**** Extracted records ****

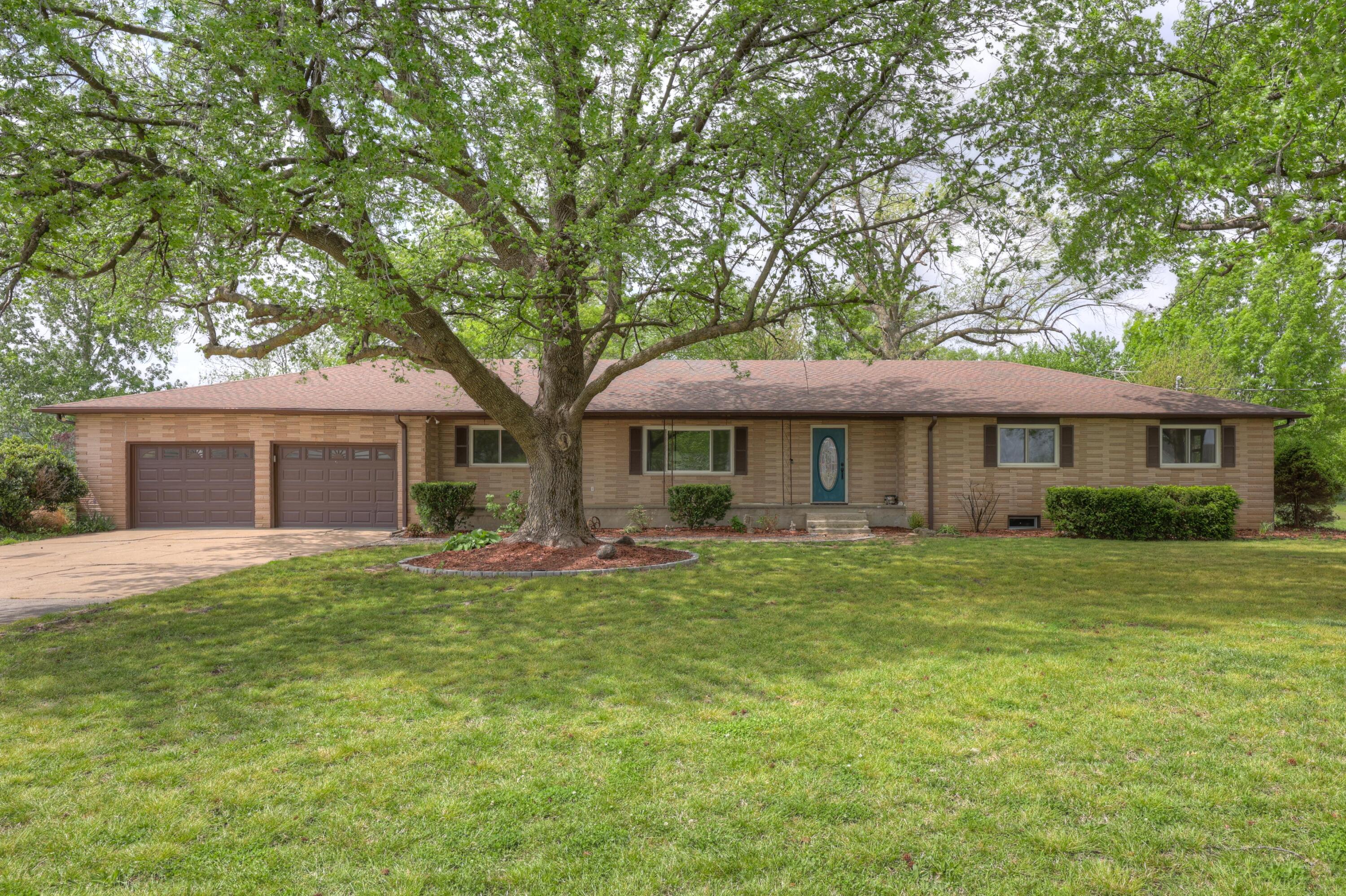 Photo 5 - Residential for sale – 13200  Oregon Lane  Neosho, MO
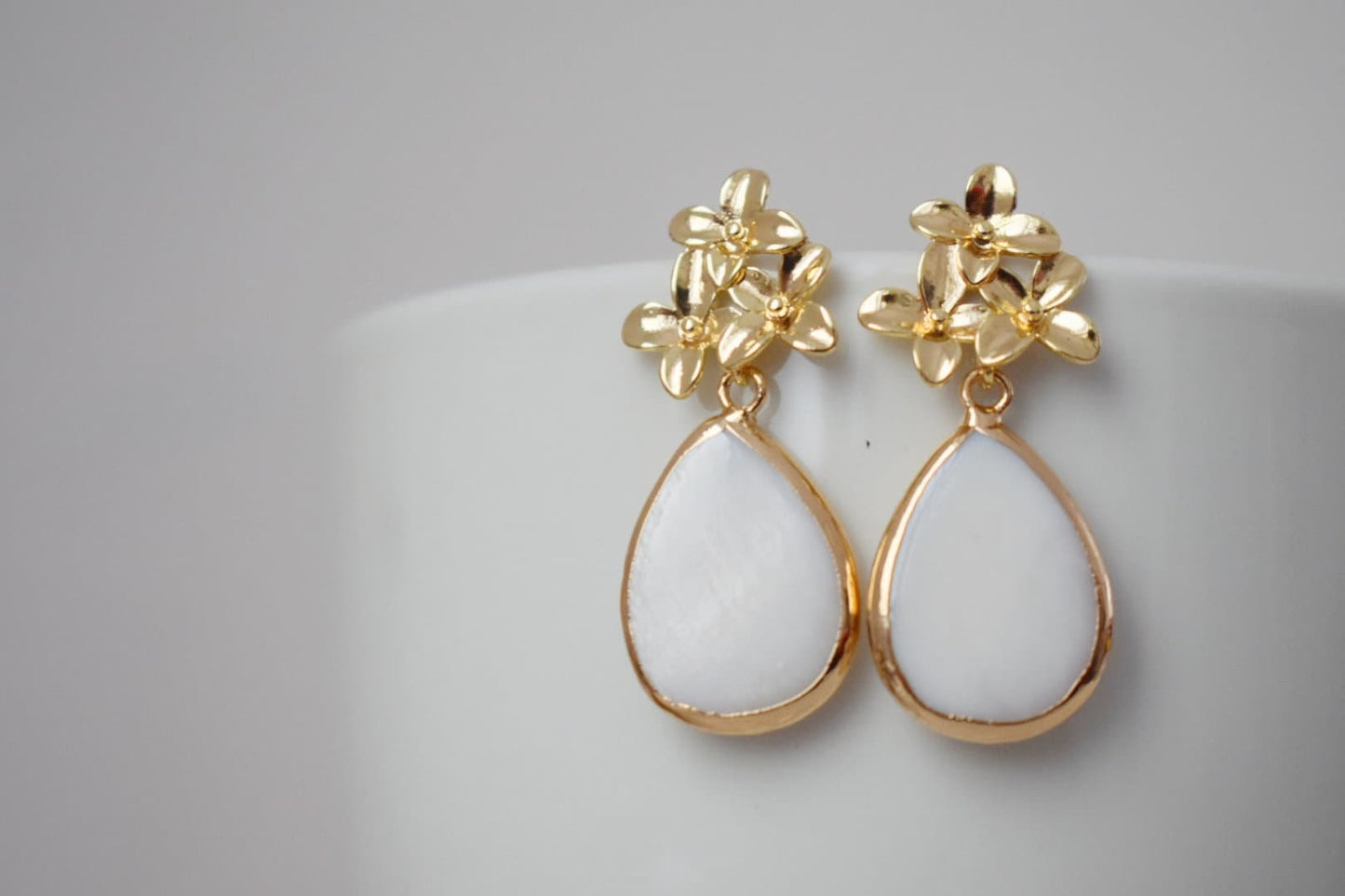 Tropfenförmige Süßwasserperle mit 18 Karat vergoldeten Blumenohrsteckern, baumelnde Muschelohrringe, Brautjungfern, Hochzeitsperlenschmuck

****
**** Extracted records ****

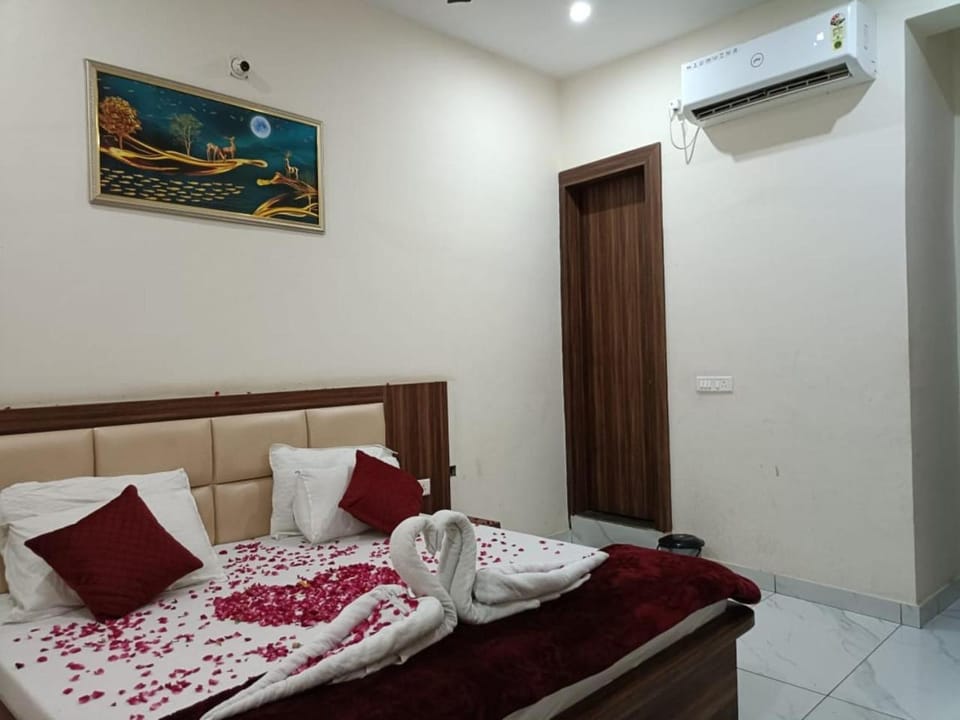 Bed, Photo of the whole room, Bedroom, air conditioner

****
**** Extracted records ****

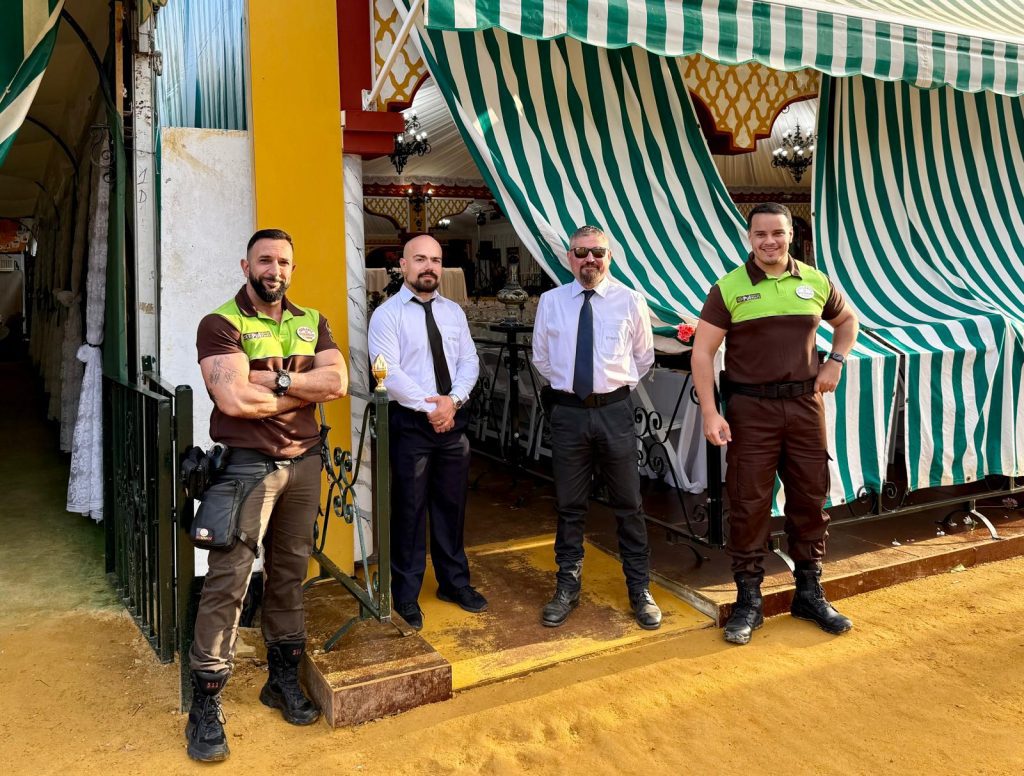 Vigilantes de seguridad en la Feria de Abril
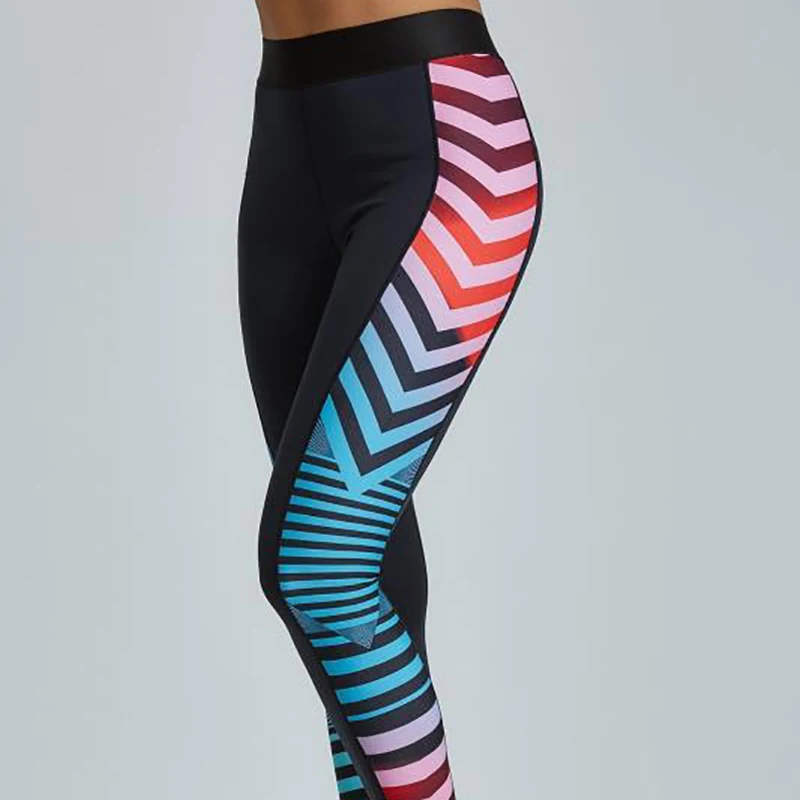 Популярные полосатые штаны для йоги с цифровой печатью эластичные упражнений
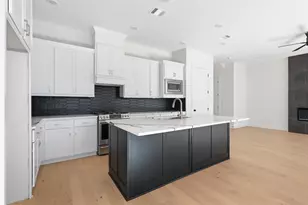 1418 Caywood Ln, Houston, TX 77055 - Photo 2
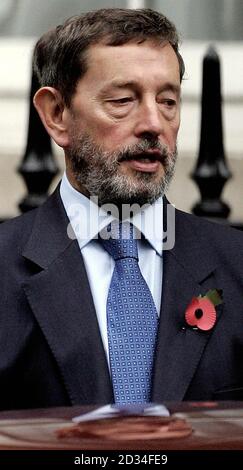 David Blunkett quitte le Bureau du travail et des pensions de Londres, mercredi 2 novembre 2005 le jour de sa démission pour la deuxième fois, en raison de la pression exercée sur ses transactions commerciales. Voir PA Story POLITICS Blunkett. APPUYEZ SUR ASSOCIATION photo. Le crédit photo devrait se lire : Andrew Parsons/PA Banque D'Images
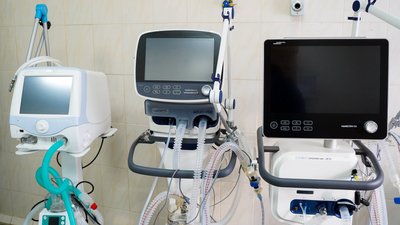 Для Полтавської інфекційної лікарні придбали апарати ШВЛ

****

Starting with the line that contains "Популярные полосатые штаны" and finishing with the line that contains "1418 Caywood Ln, Houston, TX 77055 - Photo 2", reproduce every line of the material above exactly, but not the pictures.

- _Result_
 Популярные полосатые штаны для йоги с цифровой печатью эластичные упражнений
 1418 Caywood Ln, Houston, TX 77055 - Photo 2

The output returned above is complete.